Daddio
No limiar do desconhecido e da alteridade
Por Paula Hong
Festival do Rio 2024
O experimento de colocar duas pessoas num espaço confinado ou limitado as obriga, inevitavelmente, a interagir. O que se extrai dessa interação está fora do controle delas — algo pode dar muito errado ou muito certo. Em “Daddio”, Christy Hall explora as nuances na zona cinza entre esses dois polos, de modo a assegurar uma tensão sempre crescente com breves momentos de respiro no longo trajeto que Girlie (Dakota Johnson) faz do aeroporto até o seu apartamento, no taxi de Clark (Sean Penn).
A abordagem da conversa inicia-se com trivialidades. E embora exista uma divisória no carro que atesta convenções dos limites entre passageira e motorista, ela torna-se inútil, como se não estivesse ali, à medida que os assuntos abordados e explorados aproximam os dois. A tensão concentra-se exatamente nos temas, no fato de que o taxista, por qualquer razão que seja, faz perguntas que a dissecam — tanto para ele quanto para nós. Mas o verdadeiro raio-x que Clark faz de Girlie (este não é seu verdadeiro nome, ele nunca nos é revelado) advém dos longos anos de profissão, como ele mesmo justifica.
É no entusiasmo que o alimenta nessas trocas que Clark expõe experiências acumuladas ao longo dos anos como taxista; às vezes freando a sinceridade, escolhendo bem as palavras, outras vezes tomando para si a liberdade que a proximidade dos dois dá a ele. Assim ele também vai se desmembrando aos poucos, mostrando as facetas de sua personalidade: um homem que ao mesmo tempo tem muito o que falar, resguarda para si lados que não o colocam sob uma luz bonita aos olhos de Girlie e do público. E talvez, por isso mesmo, o roteiro consegue colocá-lo como essa figura com camadas convergentes e divergentes.

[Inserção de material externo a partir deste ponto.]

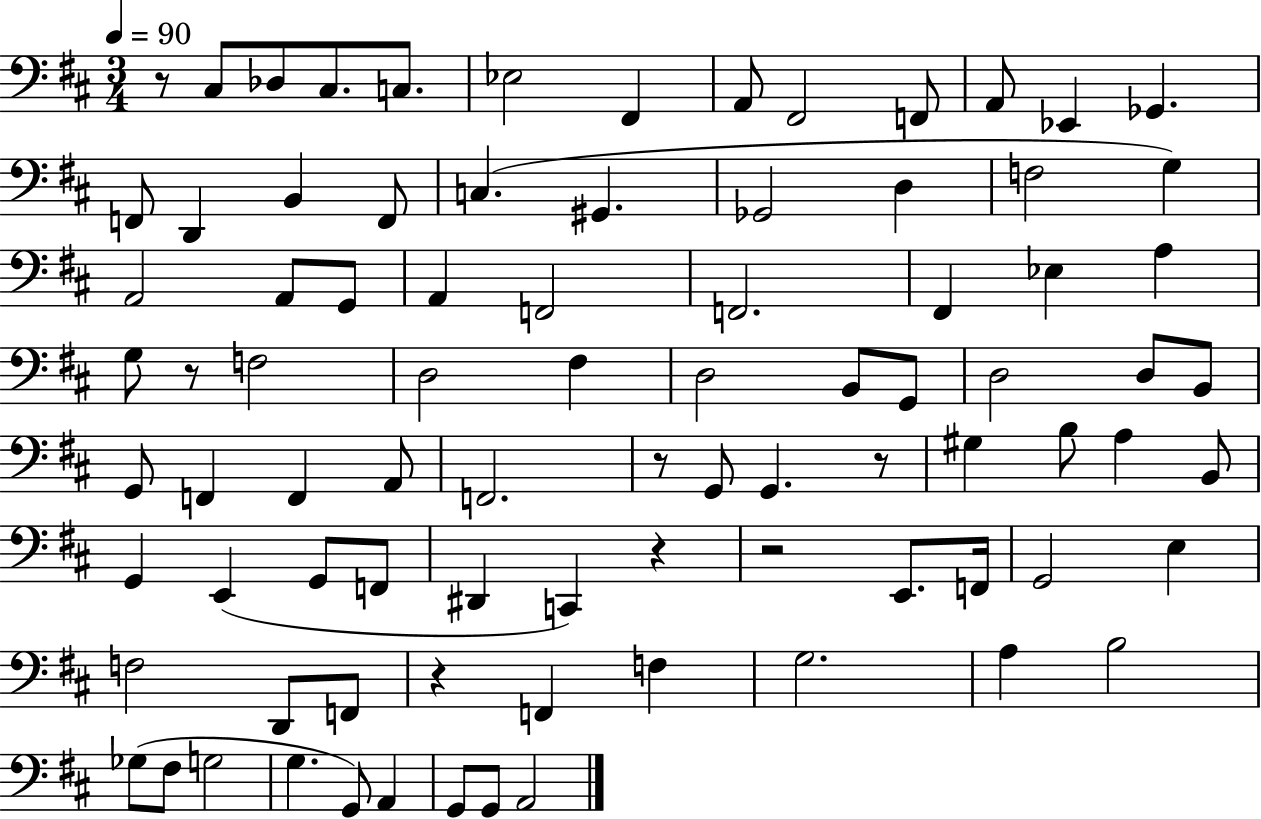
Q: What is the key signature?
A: D major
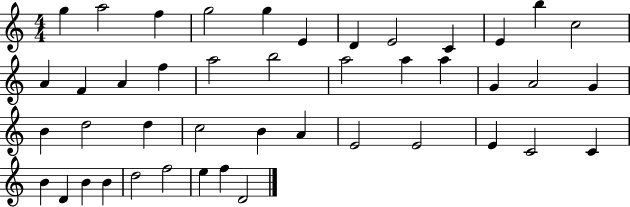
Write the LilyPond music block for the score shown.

{
  \clef treble
  \numericTimeSignature
  \time 4/4
  \key c \major
  g''4 a''2 f''4 | g''2 g''4 e'4 | d'4 e'2 c'4 | e'4 b''4 c''2 | \break a'4 f'4 a'4 f''4 | a''2 b''2 | a''2 a''4 a''4 | g'4 a'2 g'4 | \break b'4 d''2 d''4 | c''2 b'4 a'4 | e'2 e'2 | e'4 c'2 c'4 | \break b'4 d'4 b'4 b'4 | d''2 f''2 | e''4 f''4 d'2 | \bar "|."
}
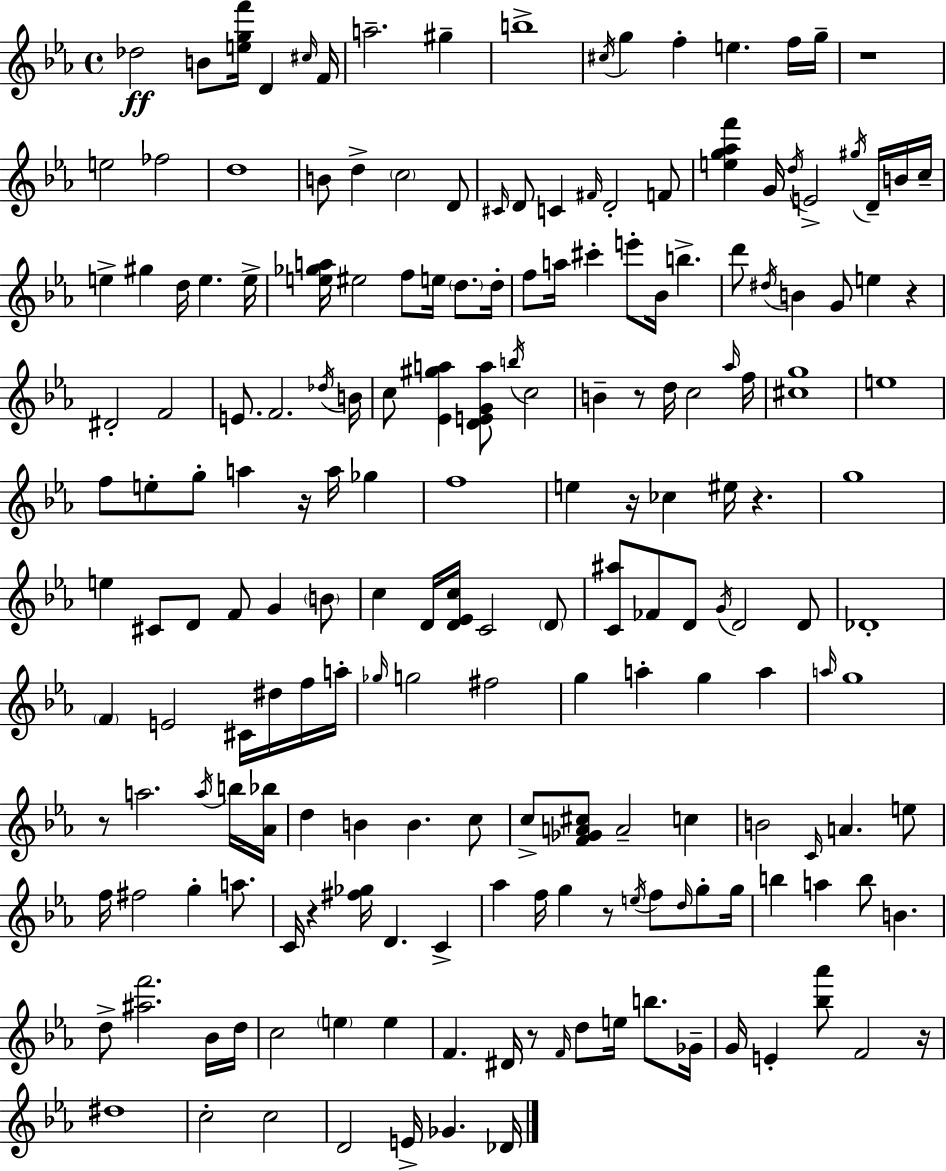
{
  \clef treble
  \time 4/4
  \defaultTimeSignature
  \key c \minor
  des''2\ff b'8 <e'' g'' f'''>16 d'4 \grace { cis''16 } | f'16 a''2.-- gis''4-- | b''1-> | \acciaccatura { cis''16 } g''4 f''4-. e''4. | \break f''16 g''16-- r1 | e''2 fes''2 | d''1 | b'8 d''4-> \parenthesize c''2 | \break d'8 \grace { cis'16 } d'8 c'4 \grace { fis'16 } d'2-. | f'8 <e'' g'' aes'' f'''>4 g'16 \acciaccatura { d''16 } e'2-> | \acciaccatura { gis''16 } d'16-- b'16 c''16-- e''4-> gis''4 d''16 e''4. | e''16-> <e'' ges'' a''>16 eis''2 f''8 | \break e''16 \parenthesize d''8. d''16-. f''8 a''16 cis'''4-. e'''8-. bes'16 | b''4.-> d'''8 \acciaccatura { dis''16 } b'4 g'8 e''4 | r4 dis'2-. f'2 | e'8. f'2. | \break \acciaccatura { des''16 } b'16 c''8 <ees' gis'' a''>4 <d' e' g' a''>8 | \acciaccatura { b''16 } c''2 b'4-- r8 d''16 | c''2 \grace { aes''16 } f''16 <cis'' g''>1 | e''1 | \break f''8 e''8-. g''8-. | a''4 r16 a''16 ges''4 f''1 | e''4 r16 ces''4 | eis''16 r4. g''1 | \break e''4 cis'8 | d'8 f'8 g'4 \parenthesize b'8 c''4 d'16 <d' ees' c''>16 | c'2 \parenthesize d'8 <c' ais''>8 fes'8 d'8 | \acciaccatura { g'16 } d'2 d'8 des'1-. | \break \parenthesize f'4 e'2 | cis'16 dis''16 f''16 a''16-. \grace { ges''16 } g''2 | fis''2 g''4 | a''4-. g''4 a''4 \grace { a''16 } g''1 | \break r8 a''2. | \acciaccatura { a''16 } b''16 <aes' bes''>16 d''4 | b'4 b'4. c''8 c''8-> | <f' ges' a' cis''>8 a'2-- c''4 b'2 | \break \grace { c'16 } a'4. e''8 f''16 | fis''2 g''4-. a''8. c'16 | r4 <fis'' ges''>16 d'4. c'4-> aes''4 | f''16 g''4 r8 \acciaccatura { e''16 } f''8 \grace { d''16 } g''8-. | \break g''16 b''4 a''4 b''8 b'4. | d''8-> <ais'' f'''>2. bes'16 | d''16 c''2 \parenthesize e''4 e''4 | f'4. dis'16 r8 \grace { f'16 } d''8 e''16 b''8. | \break ges'16-- g'16 e'4-. <bes'' aes'''>8 f'2 | r16 dis''1 | c''2-. c''2 | d'2 e'16-> ges'4. | \break des'16 \bar "|."
}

No banco de trás, Girlie parece presa e encurralada. Isso é evidenciado pelos ângulos da câmera que a captura pela diagonal ou quando, bem perto de seu rosto, mostra a apreensão com as trocas de mensagens com um homem que mais tarde é revelado ser seu amante; casado e com filhos, claro. Porém, Clark tem maior influência na crescente mudança de percepção da vida que leva. Talvez pela experiência, talvez pela diferença de idade, mas Clark passa a ser a pessoa que desconfigura certezas pré construídas da vida de Girlie. O homem, até então estranho, oferece uma solicitude de lições e conselhos que beiram a uma palestra que pretendem-se consecutivas evidências da mais pura verdade da vida: os homens são assim, e este é o seu papel nesta relação extraconjugal. O desconforto de estar na companhia de dois homens — um desconhecido dentro do carro, outro no celular — é pivô desde o começo. Em “Daddio”, é como se Clark fosse porta voz dos homens, em especial aquele com que Girlie se relaciona: homem mais velho, bem estabelecido, com um emprego importante e uma família. Mesmo não tendo aquilo tudo, Clark mostra-se mais consciente de todas as engrenagens que giram e sustentam as aparências desse tipo de vida; de novo usando a experiência como taxista e exímio leitor de pessoas a seu favor. Descasca aquilo que Girlie achava ser, coloca abaixo e apoiado na verdade crua e dura da vida, faz Girlie duvidar de tudo o que achava.
Com isso, Hall constroi, com “Daddio”, uma relação entre desconhecidos com tempo determinado: enquanto a corrida durar. A intenção de explorar trocas que deixam marcas em alguém que (possivelmente) jamais encontrará novamente mostra-se desequilibrada no decorrer do longa-metragem. As passagens do filme que cinematograficamente os colocam em pé de igualdade pela altura e ângulo da câmera causam desequilíbrio em relação ao texto, ao roteiro, uma vez que Girlie parece ser responsável por absorver o que Clark lhe despeja, sobretudo quando desmonta e remonta sua visão sobre relacionamento e expectativas entre homens e mulheres, numa espécie de atestado machista e misógino muito bem conhecido e disseminado de que homens serão homens, não importa o quê, e que mulheres sempre serão governadas pelos sentimentos, traçando essa diferença primordial entre eles e elas.
É por intermédio da dinâmica entre Girlie e Clark que Christy Hall estreia na direção com “Daddio”. Os temas, embora bem já difundidos e amplamente abordados nas discussões que vez ou outra, se não com mais frequência no cinema contemporâneo, trazem para superfície do que há de mais incrustado no pensamento ocidental são tratados pela diretora com certa superficialidade, sem conseguir alcançar ou explorar no acesso que nos dá sobre seus personagens maior maturidade ou uma visão mais sóbria sobre a convivência com as diferenças e as impressões que elas nos deixam, mesmo que vivenciadas apenas uma vez, com algum desconhecido.